The main issue, however, is China's willingness and ability to refuse or circumvent international sanctions, and to increase its own footprint and technological cooperation with Russia. Communication and digital equipment are first on the list of "modest" Chinese exports to Russia (USD68 billion, in fact twelve times the French sales to Moscow). However, the United States has enacted export bans on semiconductors, and the recent Huawei case shows the extent to which, in some areas, Chinese production remains dependent on patents or components, including from third countries (and Taiwan) whose flows the United States can control. The civil aviation sector is also affected in the medium term. After the C919, China has started a project with Russia for the C929, a larger aircraft for which the engines are to be developed with Aviadvigatel, of the Russian United Engine Corporation (UEC). On the one hand, Russian and Chinese technology gaps implied associating one or the other Western engine manufacturers. This is now impossible, and where would such an aircraft be sold if the sanctions are maintained, or where would it fly to?
These examples highlight that a complete decoupling from the United States and other parties implementing technological sanctions requires Russian and Chinese joint self-sufficiency, and that beyond the Sino-Russian market, their products are accepted in significant third markets. With regard to aviation, both Russia and China are still far from reaching this point. Military cooperation, on the other hand, does not pose the same problems.

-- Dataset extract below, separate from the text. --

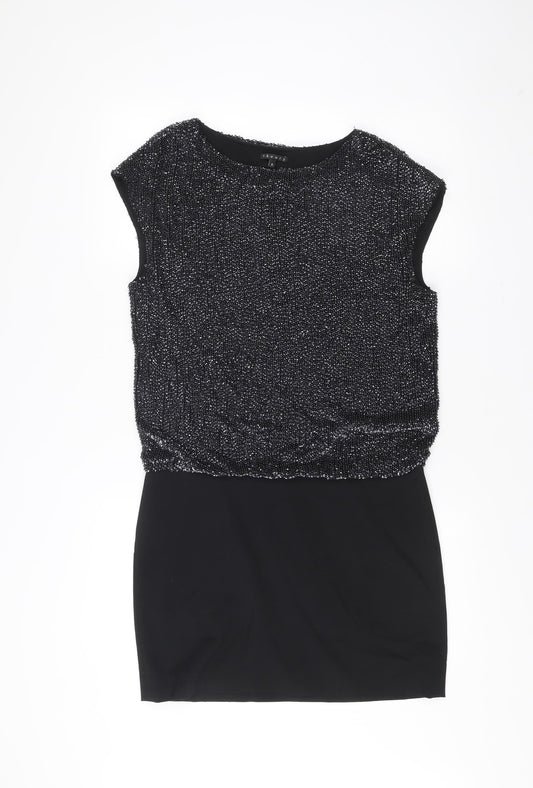 Theory Womens Black Beaded Sleeveless Sheath Dress Size 8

On less than critical technologies, one could envisage a field day for Chinese companies - as happened in Iran under Western sanctions. Not only low end consumer goods, but now also such products as automobiles, are a perfect example. The catch, however, is how to pay for increased Chinese exports, if the US and EU are serious about their financial blockade. China and Russia have prepared for some financial self-sufficiency. There is a very strong convergence of Chinese and Russian policies: both have maintained (China) or acquired (Russia) a balanced budget, and while Russia has built USD640 billion in foreign exchange reserves from the energy rent, Xi's China has moderated its appetite for domestic debt. Other features are common to both regimes: the creation of international payment systems that offer an alternative to SWIFT (even if the Chinese system substantially depends on it), increased control over Russian oligarchs and top Chinese entrepreneurs, the one-way use of offshore places and their opacity.

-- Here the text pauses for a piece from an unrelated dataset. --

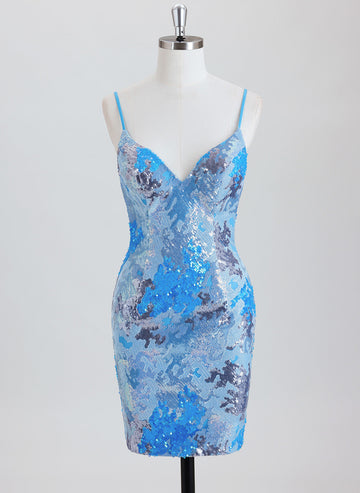 Sheath Spaghetti Straps Short Jacquard Homecoming Dress With Sequins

But the very rise of China also implies a greater global interdependence. Chinese banks have sometimes had to implement the bulk of US sanctions (as was the case with North Korea, with indirect US sanctions against establishments in Macau), and have sometimes been spared by the United States (as was the case with the Iranian oil offtake, presumably settled in yuan and trade credits for Iranian imports). This time, however, the problem is much greater, given the ban on flows with the Russian central bank. Certainly, there are short-term loopholes: specifically, USD60-90 billion Russian central bank reserves in yuan, deposited in China. Russia might not be prevented by China from mobilizing these deposits to pay for its own imports or to recover liquidity in rubles, since China has a rising currency and trade surpluses. Russia’s sales of its yuan reserves could even help the Chinese central bank avoid interventions to limit the rise of its currency. In the short term, the UnionPay system and Chinese banks in Russia are going on the offensive with regard to credit cards: this will undoubtedly also serve to increase Chinese e-commerce sales in Russia, and more broadly the sale of consumer goods. In the short term, this is a good deal for China. But with what resources will Russian consumers be able to buy these products, if the ruble continues to fall? China would need to increase its export credits to Russia. The other - large - loophole is the proceeds from Russia’s ongoing sales of gas, oil and coal to Europe. This has strategic significance for gauging the actual extent of Europe’s support to Ukraine. Since more than half of China-Russia trade is now conducted in euros, Europe’s willingness to ban the use of euros by third parties trading with Russia is also a very significant issue. Europeans are faced with the issue of implementing extraterritorial sanctions, something they often reproached the US with.